§ BRIEF: Once you find the line containing "1950Mt. 2,65h Strom...", set down exactly that line and every one after it through the end of the listing below, with both ends included and any pictures omitted.

§ RECORDS FOR THE TASK:

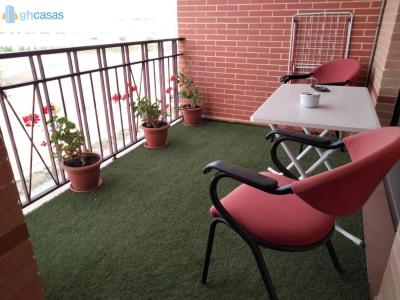 Piso en venta con terraza. En Pozuelo de Calatrava. Ciudad Real, 94 mt2, 2 habitaciones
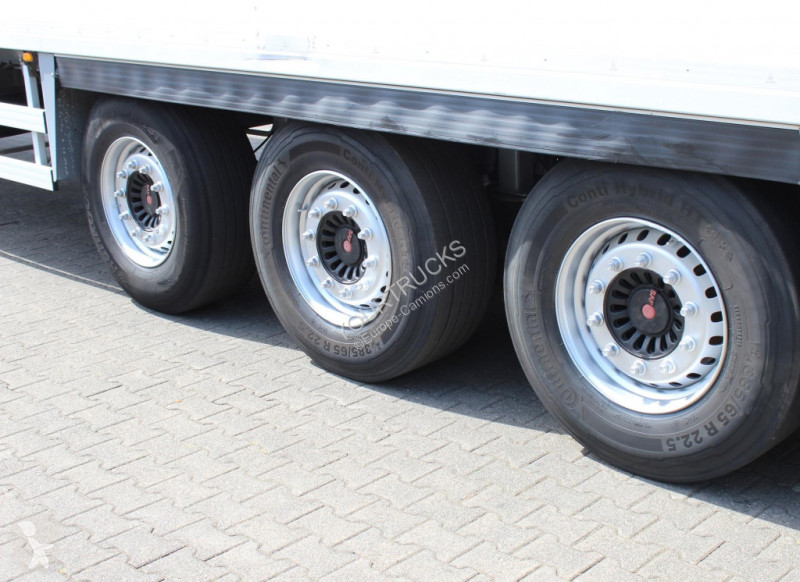 Полуприцеп Chereau   CV 1950Mt. 2,65h Strom...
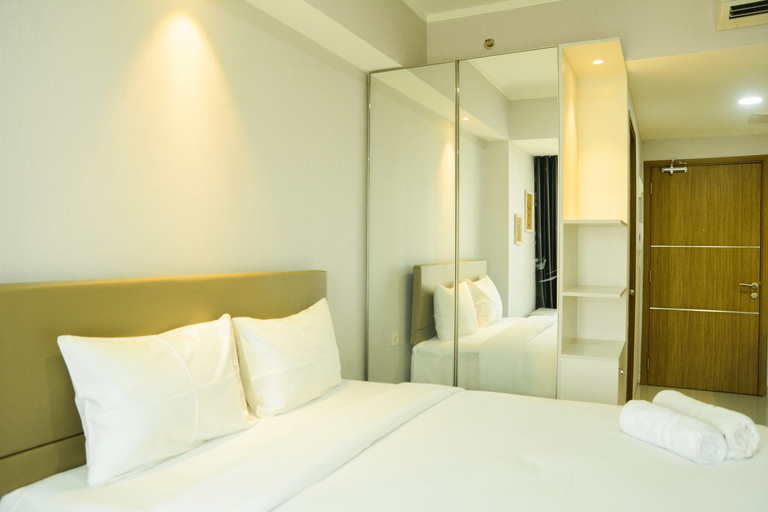 Mahogany Suites Studio Room The Oasis Apartment Cikarang By Travelio, Bekasi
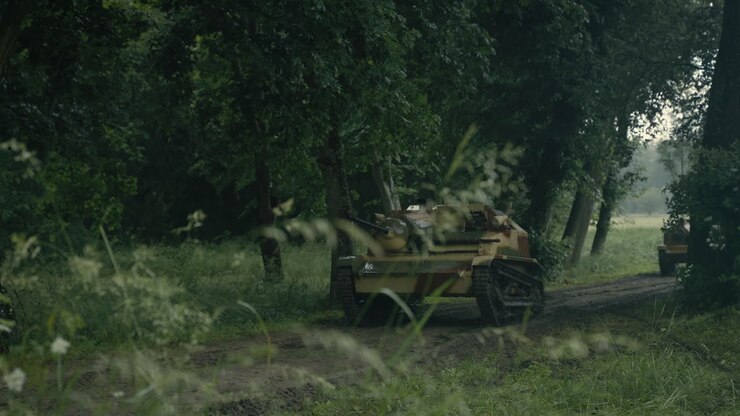 Carro armato d'epoca in una foresta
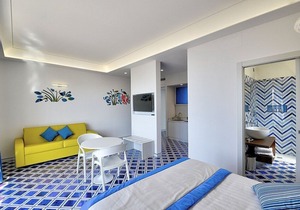 Villa Clarice A, fully refundable with voucher*: A bright and sunny apartment in a quiet position, located on a hillside above the sea, with Free WI-FI.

§ WRITTEN SOLUTION:
 Полуприцеп Chereau   CV 1950Mt. 2,65h Strom...
 Mahogany Suites Studio Room The Oasis Apartment Cikarang By Travelio, Bekasi
 Carro armato d'epoca in una foresta
 Villa Clarice A, fully refundable with voucher*: A bright and sunny apartment in a quiet position, located on a hillside above the sea, with Free WI-FI.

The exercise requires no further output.